Tuesday, 16 December 2014
Lindsay Smith-Boughner, Adam M Baig, Ted Urbancic and Gisela Fernandes Viegas, Engineering Seismology Group Canada Inc, Kingston, ON, Canada
Abstract:
The goal of hydraulic fracturing is to increase the permeability of rocks to extract hydrocarbons from “tight” formations. This process stimulates fluid-driven fractures which induce microseismic events. Successfully treating the formations, stimulating large volumes of the reservoir, depends on targeting parts of the formation with more “brittleness”, a property which is frequently characterized from the mechanical properties of the rock. Typically, these properties are constrained using well-logs, vertical seismic profiles and 3-D seismic surveys. Such tools provide a static view of the reservoir on very large or very small scales. While lithology controls the average rock strength within a unit, the content (gas or fluid filled), the shape of the pore space and the concentration of micro-fractures alters the mechanical properties of the reservoir.

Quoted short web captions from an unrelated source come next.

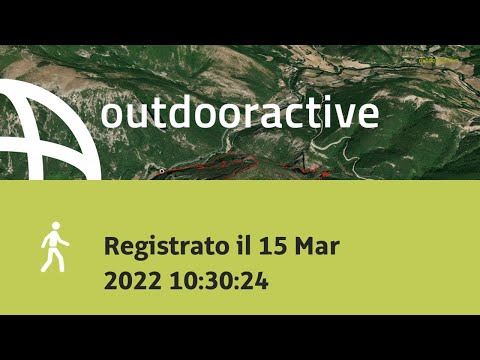 Registrato il 15 Mar 2022 10:30:24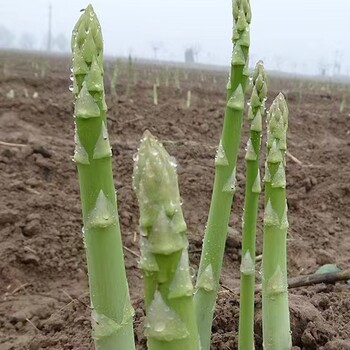 芦笋根苗航天系列四级食用蔬菜苗多年生厂家批发根苗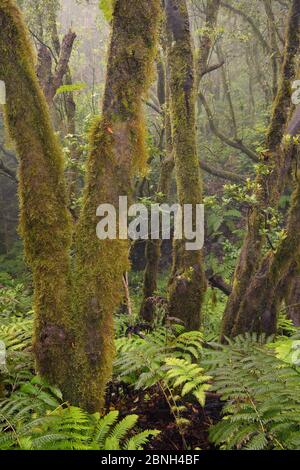 Moos bedeckte Bäume und dichte Unterstory von Farnen in Bergland, Wolke gehüllten Lorbeer Wald, Anaga Gebirge, Teneriffa, Mai 2014.. Stockfoto
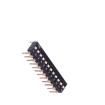 TL-12 DIP Switches/SIP Switches
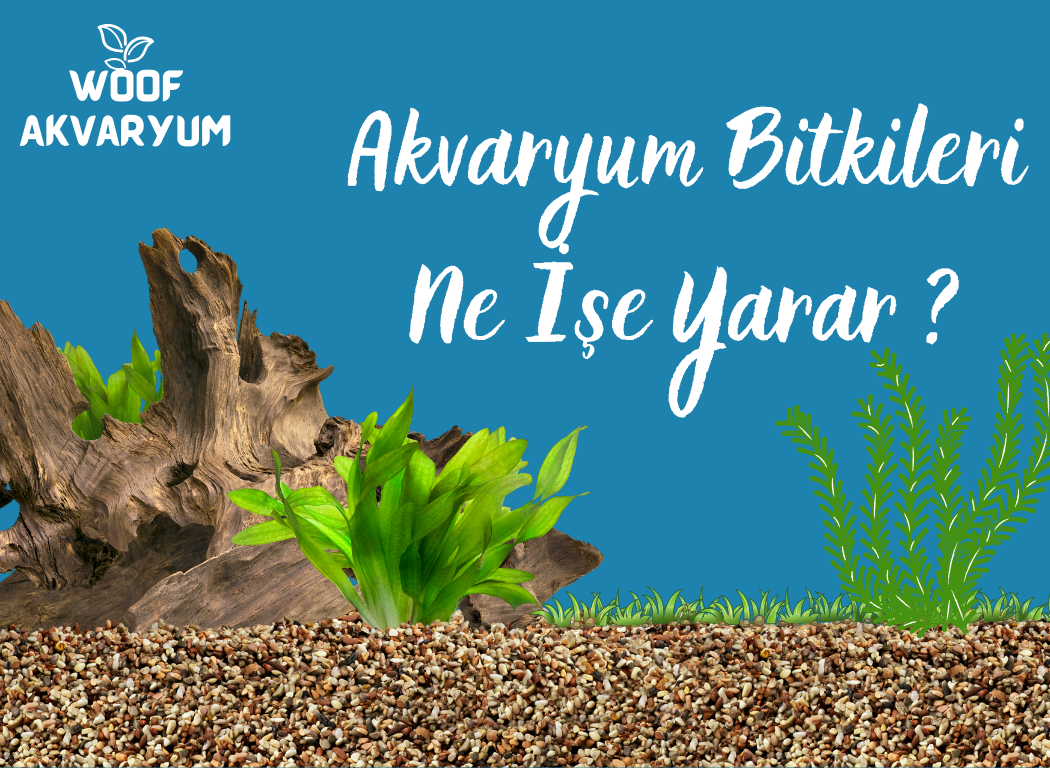Akvaryum Bitkileri Akvaryumda Ne İşe Yarar ?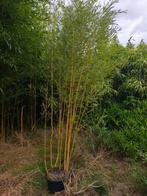 Bamboe PHYLLOSTACHYS aureosulcata Spectabilis: Grote POT, Ophalen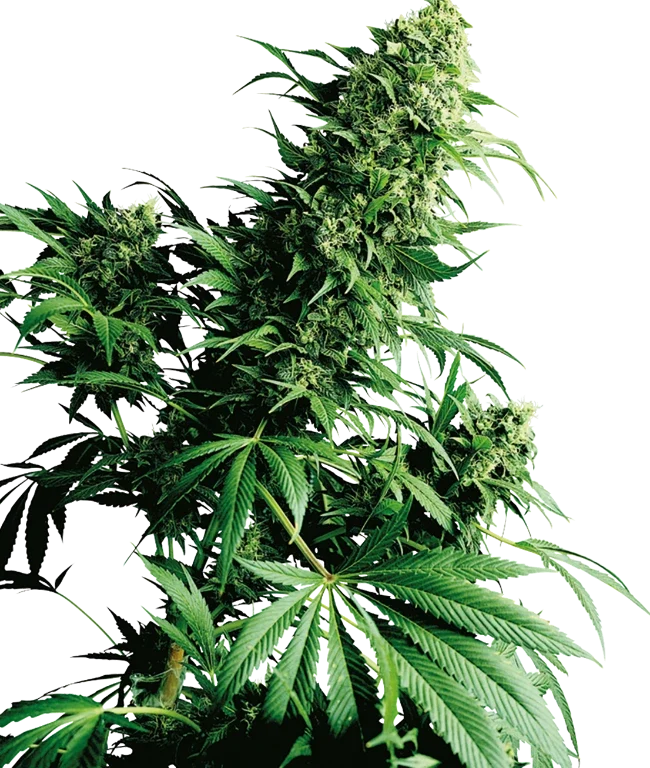 Shiva Shanti Regular (Sensi Seeds) – Pflanze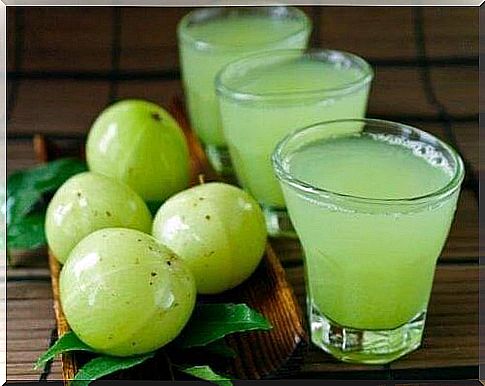 Increase platelet count with Indian gooseberry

 Seismic moment tensor inversion of the events generated during these stimulations reveals that they are significantly non-double-couple, and are described by a tensile angle and a Poisson’s ratio (or, equivalently, ratio of shear to compressional velocities, Vp/Vs) of the rock-fracture system. Following Vavryčuk (2011), the mechanical properties of the reservoir (i.e. Vp/Vs ratio) are estimated as the hydraulic fracture progresses from an extensive catalog of microseismic events spanning magnitudes of -1.5 to 0.8 in the Horn-River Basin, Canada.

 Studying several fracture stages in the reservoir reveals temporal and spatial variations in the rock strength within a unit as hydraulic fracturing proceeds. Initially, the estimated values of Vp/Vs are quite close to those determined from 3-D seismic surveys. As the stage progresses, previously fractured regions have lower Vp/Vs values. At the onset of maximum treating pressure, regions have anomalously high Vp/Vs values, which could reflect short-term local concentrations of high pore pressures or other interactions of the treatment with the formation. The relationship between source parameters and variations in Vp/Vs are also examined. This technique has the potential to provide a unique and dynamic view of variations in the reservoir both spatially and temporally.